Scioperano i sindacati del pubblico impiego e i dipendenti della Pubblica Amministrazione per il mancato rinnovo del contratto di lavoro. Scioperano quindi per il mancato aumento delle retribuzioni. Mancato aumento già da cinque anni e il 2015 sarà il sesto. Scioperano per l’aumento che non c’è e secondo loro doveva assolutamente esserci, nel 2015 e nei cinque anni trascorsi. Ne sono così convinti della doverosità dell’aumento, del diritto all’aumento che conteggiano i mancati aumenti come soldi “in meno”. Non come soldi ipotetici mancati ma come soldi reali appunto “in meno” in busta paga. Secondo i sindacati del pubblico impiego e a logica degli scioperi proclamati non sono soldi non concessi dal datore di lavoro ma soldi sottratti dal datore di lavoro ai lavoratori. Insomma l’aumento a cadenza temporale della retribuzione è secondo i lavoratori del pubblico impiego un diritto che il governo (i governi) ingiustamente nega. Un diritto da restaurare e ristorare.
Non è questo il luogo per misurare se e quanto le retribuzioni nel pubblico impiego siano basse, sufficienti o largheggianti. E comunque questi sarebbero giudizi soggettivi basati su parametri altrettanto soggettivi. A sostegno della inderogabile necessità di aumenti di retribuzione si potrebbe portare l’argomento tipo del basso stipendio degli insegnanti. Basso se rapportato agli omologhi europei e basso soprattutto se rapportato alla funzione sociale ed economica dell’insegnamento. A smontaggio della inderogabile necessità di aumenti di retribuzione si potrebbe portare l’argomento tosto del 13 per cento di crescita in più dei salari statali rispetto agli altri comparti del lavoro dipendente. Sì, tra il 2.000 e il 2.010 le buste paga dei dipendenti pubblici sono cresciute in media del 13 per cento in più di chi lavorava i aziende private. Non lo sapevate?
Non è questo il luogo e non è questa la bilancia per pesare quali argomenti pesino appunto di più. Qui si segnala solo una circostanza, un dato di fatto. Il lavoro dipendente privato è impegnato, con molte perdite e sconfitte, nella difesa del posto di lavoro. I lavoratori dipendenti privati in questo momento in Italia quando pensano a rinnovi contrattuali pensano soprattutto alla salvaguardia dell’occupazione. E spesso la salvaguardia del posto fallisce. Non c’è spazio e posto per aumenti sostanziali del salario, per rinnovi contrattuali basati sul soldi in più in cambio dello stesso lavoro di prima. Il lavoro autonomo è impegnato, con molte perdite e sconfitte, a non chiudere bottega. Qui contratti di categoria non ce ne sono, il lavoratore autonomo non contratta con se stesso, però se potessero siglerebbero di corsa un contratto che garantisca loro quel che hanno guadagnato nel 2013 per i prossimi tre anni.
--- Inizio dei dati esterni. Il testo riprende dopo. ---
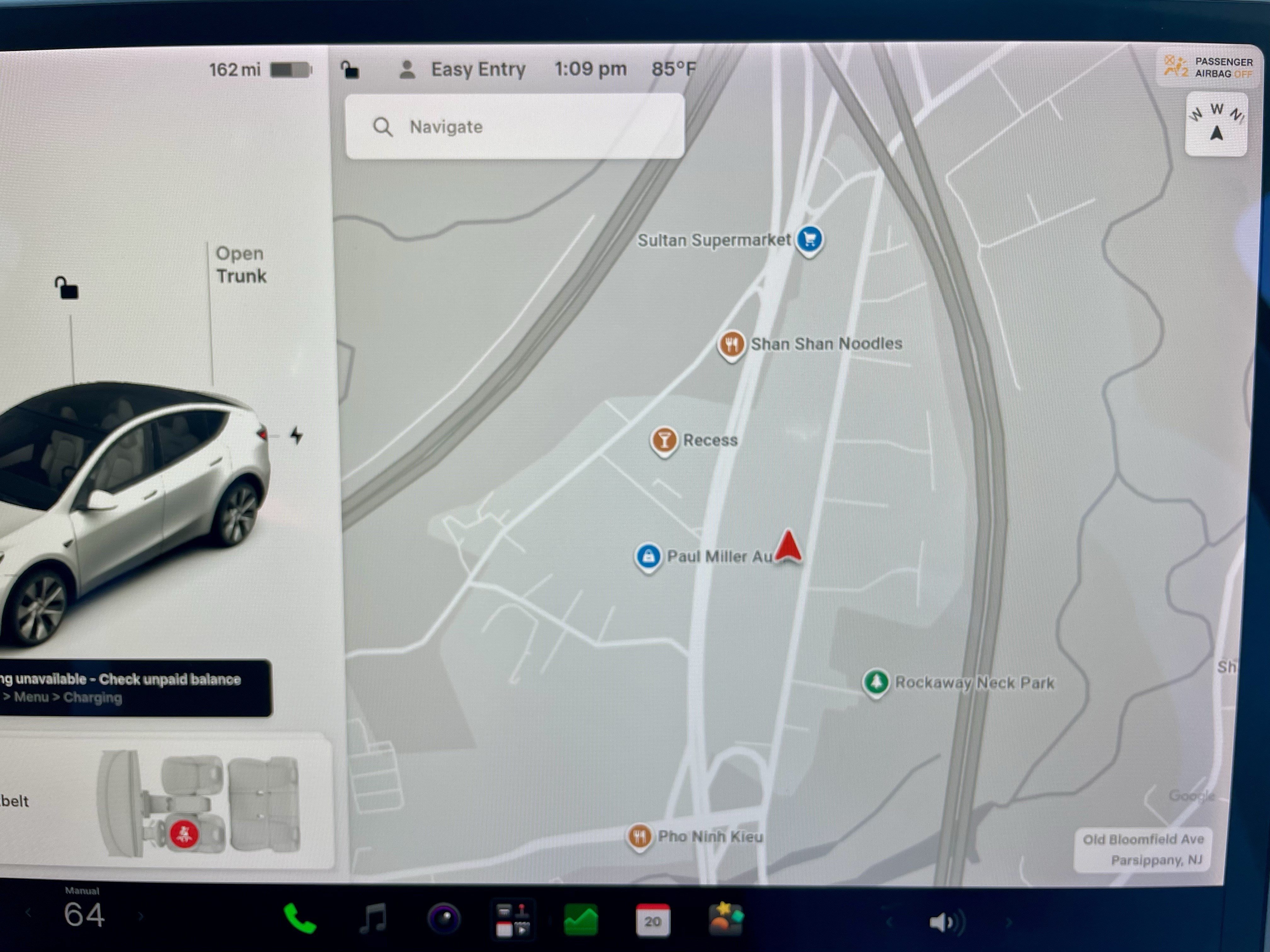 Used 2020 Tesla Model Y Long Range AWD/4WD image 27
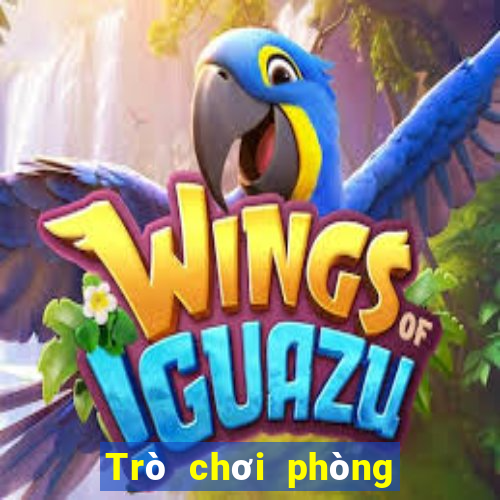 Trò chơi phòng chơi lớn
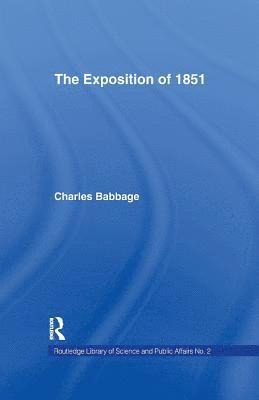 Exposition of 1851 1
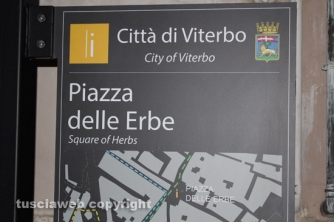 Cartelli turistici in \"inglisc\"
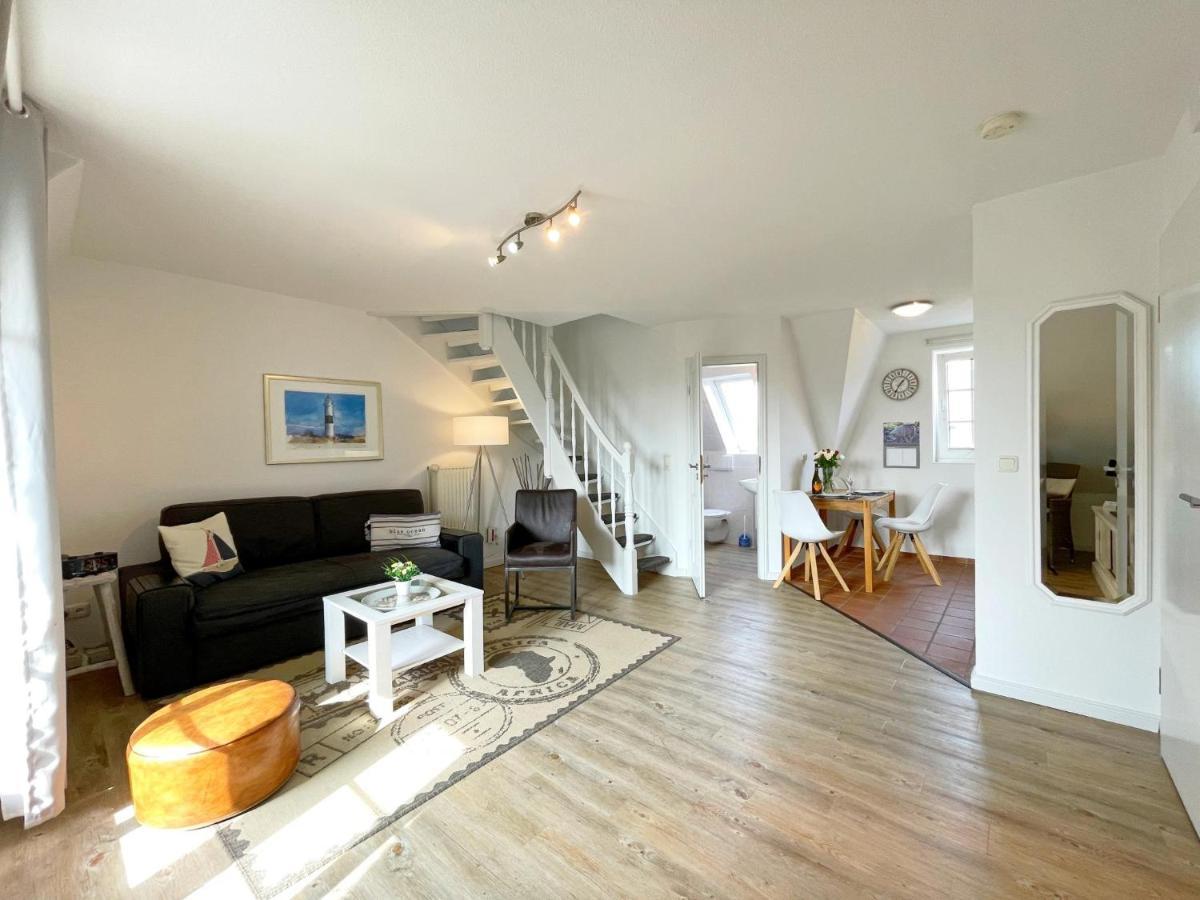 Apartament Haus Malte Wenningstedt App 2 Zewnętrze zdjęcie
Invece il pubblico impiego vuole l’aumento e sciopera per l’aumento. Non ci sono posti di lavoro a rischio nella Pubblica Amministrazione, se mai li avesse avuti il governo ha subito ritirato l’idea di uno sfoltimento sia pure morbido. Il massimo che rischia in teoria un dipendente pubblico è un trasferimento d un ufficio all’altro, da una funzione all’altra. Non ci sono licenziamenti e neanche saracinesche abbassate nel pubblico impiego. I tre milioni e passa di dipendenti pubblici non rischiano quel che stanno rischiando gli altri 17 milioni di lavoratori autonomi e privati oggi in Italia. Eppur scioperano, per l’aumento di stipendio. Eccola la circostanza, il dato di fatto. E  i fatti ognun li giudica come vuole e sa, quel che non si dovrebbe però mai fare è con i fatti polemizzare, litigare, negare.